▶ [Assignment]: Without the pictures, can you quote each line below exactly?

▶ [Data section]:
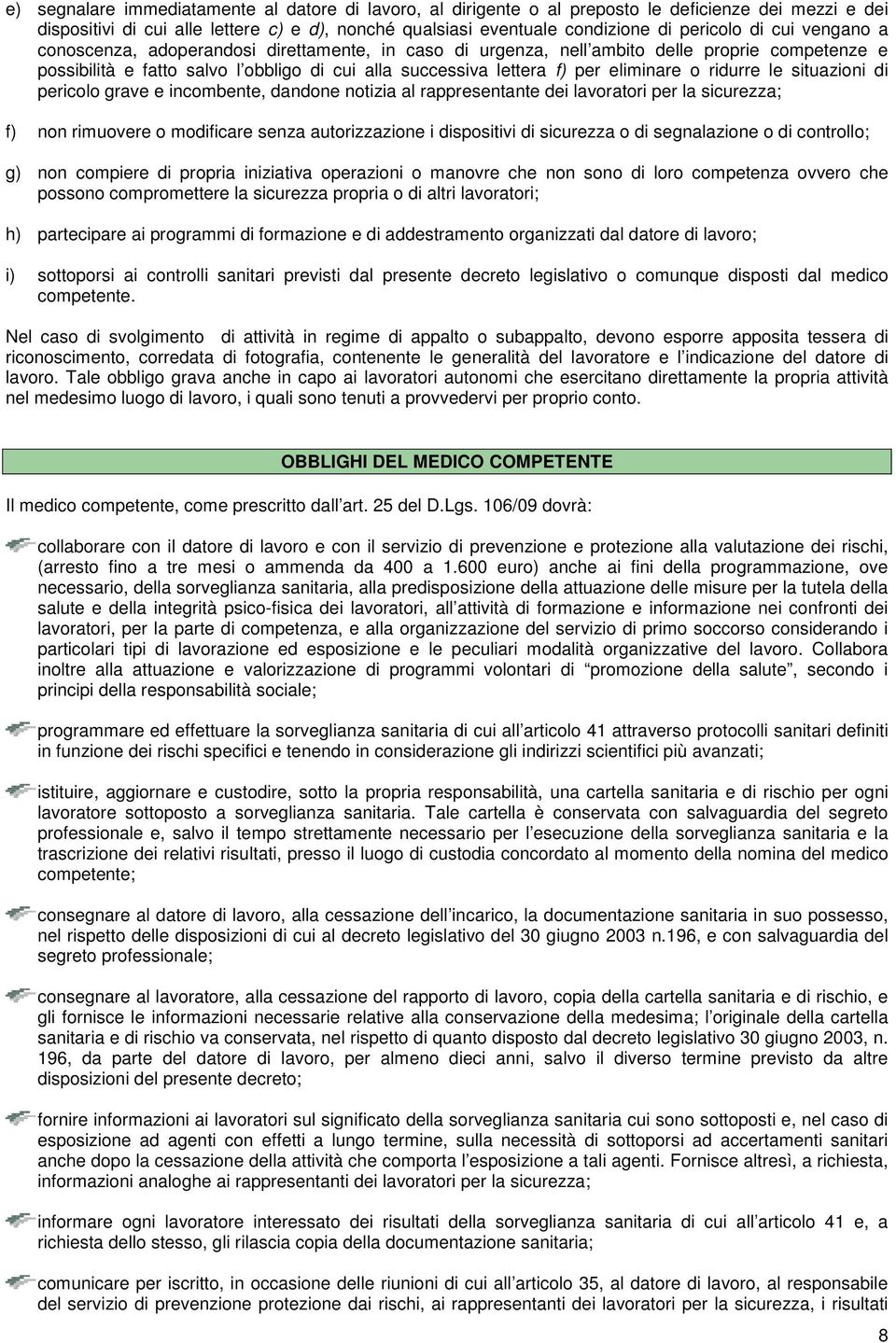 ridurre le situazioni di pericolo grave e incombente, dandone notizia al rappresentante dei lavoratori per la sicurezza; f) non rimuovere o modificare senza autorizzazione i dispositivi di sicurezza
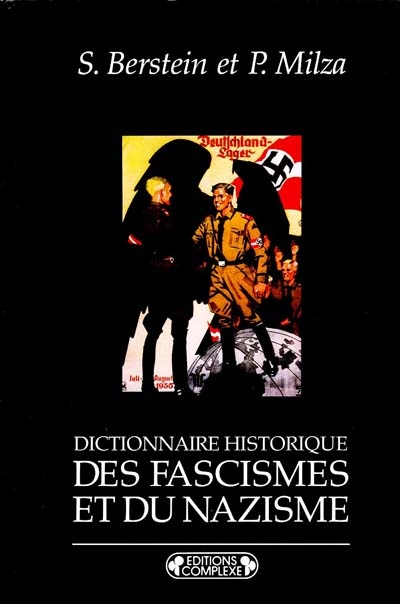 Dictionnaire historique des fascismes et du nazisme - 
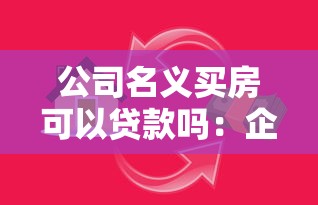 公司名义买房可以贷款吗：企业购房能否申请按揭贷款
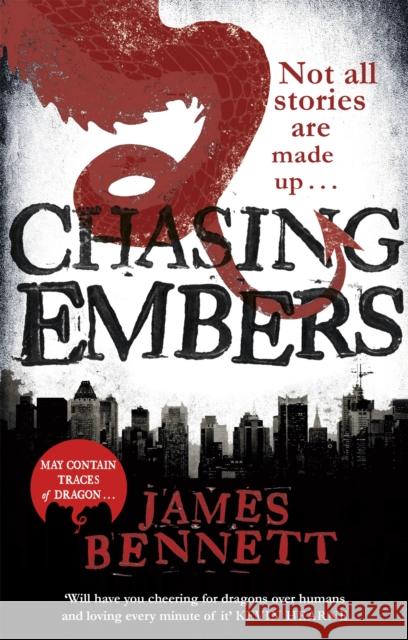 Chasing Embers James Bennett 9780356506647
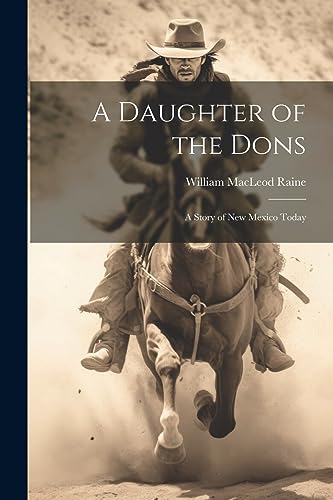 A Daughter of the Dons: A Story of New Mexico Today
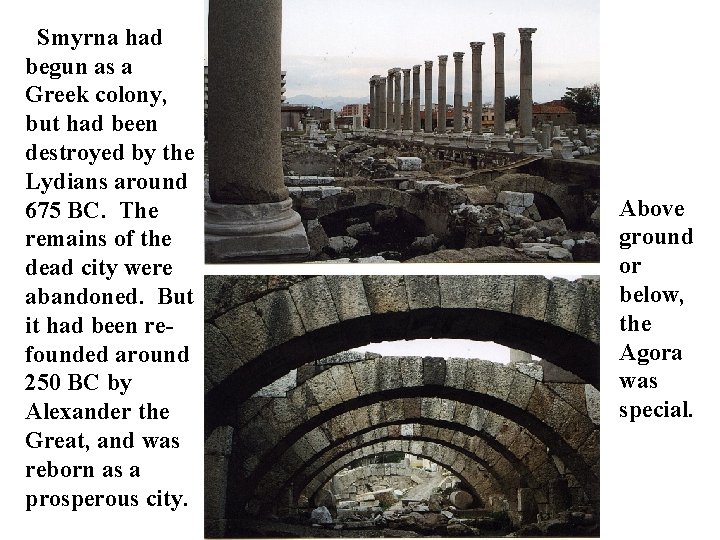 Smyrna had begun as a Greek colony, but had been destroyed by the Lydians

▶ [Reply to the task]:
 ridurre le situazioni di pericolo grave e incombente, dandone notizia al rappresentante dei lavoratori per la sicurezza; f) non rimuovere o modificare senza autorizzazione i dispositivi di sicurezza
 Dictionnaire historique des fascismes et du nazisme - 
 公司名义买房可以贷款吗：企业购房能否申请按揭贷款
 Chasing Embers James Bennett 9780356506647
 A Daughter of the Dons: A Story of New Mexico Today
 Smyrna had begun as a Greek colony, but had been destroyed by the Lydians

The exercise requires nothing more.